The RPH spokeswoman said the hospital "strongly" disputed Jessica's claim regarding a culture of blame.
"RPH prides itself on patient-centered care and continuously strives to find solutions and improve care," the spokeswoman said.
"The ED has doubled the number of senior nursing positions during the past six months, to help ensure that all staff receive adequate support and optimal levels of staffing are maintained."
One staff member who quit three weeks ago, an ED nurse who the ABC is calling Michelle, said that, when she became a nurse nine years ago, she loved it and felt it was "a calling".
However, Michelle said, increasingly aggressive patients, a lack of support from RPH, and an "unsafe" workload, became too much.
"So, I think that people are very disheartened and a lot of people don't want to go to work and there's lots of sick calls," she said.
No recognition of unsafe work reports or 'appreciation' for nurses
Jessica said RPH staff were supposed to submit what was called a Combined Hazard or Incident Reporting (CHoIR ) form if they had witnessed or experienced a dangerous situation.
However, for the past two years, she said, the reports had been met with silence.
"I'm sure that [management] are reading those CHoIR forms and I'm sure that they are aware of them, but there's no feedback … or recognition," she said.
Jessica said she didn't want to come across as a "whingeing nurse" and acknowledged that West Australian nurses had not had to deal with hundreds of dying COVID-19 patients, like their counterparts interstate and overseas.
She also knew the hospital was trying to recruit more staff.
However, she said, there were things WA Health could have done in the past two years, while the state was relatively COVID-free, to prepare and show they valued nurses.
These included increasing the number of toilets in RPH's ED from just two male and two female and ensuring nurses had somewhere to sit during their tea breaks.
"WorkSafe has come in recently and said that there's only meant to be six people inside that area [the staff tearoom] because of COVID … which is understandable," she said.
"[But] that includes people who are waiting for the toilet, who are waiting for their meal to heat up," she said.
"[RPH] have taken away the desks and they've only left that number of chairs, just to enforce that, rather than looking at a solution," she said.
Michelle described the tearoom situation as a "little bit of a slap in the face when you're just trying to work really hard".
"I don't mind working hard," Jessica added.
Through its spokeswoman, RPH said it had implemented a "Stop the Violence" campaign and increased the number of security staff in the ED over the past year.
She also said RPH disputed Jessica's claim about CHoIR forms.
"RPH ED has worked with health and safety representatives who investigate every CHoIR and report and escalate issues raised," she said.

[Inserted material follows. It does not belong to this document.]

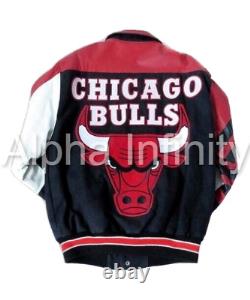 Veste en cuir d'agneau de style varsity pour les fans des Chicago Bulls de la NBA - Disponible en toutes tailles pour hommes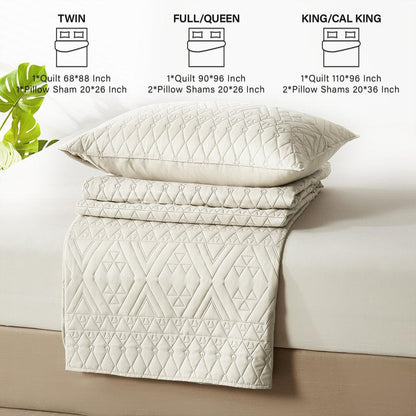 akkialla King/Cal King Quilt Set, Boho Style in a Solid Color, Cream Lightweight Microfiber Bedspread, Soft and Breathable Coverlet for All Seasons, 3-Piece Bedding Set (1 Quilt, 2 Pillow Shams)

The spokeswoman said there were four additional toilets that ED staff could use on the floor below, "within the unit's staff designated locker rooms".
She added that, regarding the tearoom, staff were encouraged to take breaks "in the fresh air" and that there was "a large, staff-only HUB on-site with ample comfortable couches, kitchen tables and chairs, TV and coffee machines."
In its own statement, WA Health said it was "committed to the health and wellbeing of staff".
"The Department of Health and health service providers have been making ongoing, concerted efforts to recruit and retain healthcare staff in what is a challenging labour environment around the world," the statement said.
"This has included the Belong local, national and international recruitment campaign, and relocation incentives [flight and hotel quarantine costs] for international health professionals to move to work in health in Western Australia, and fast-tracking of local nursing and midwifery graduates into jobs."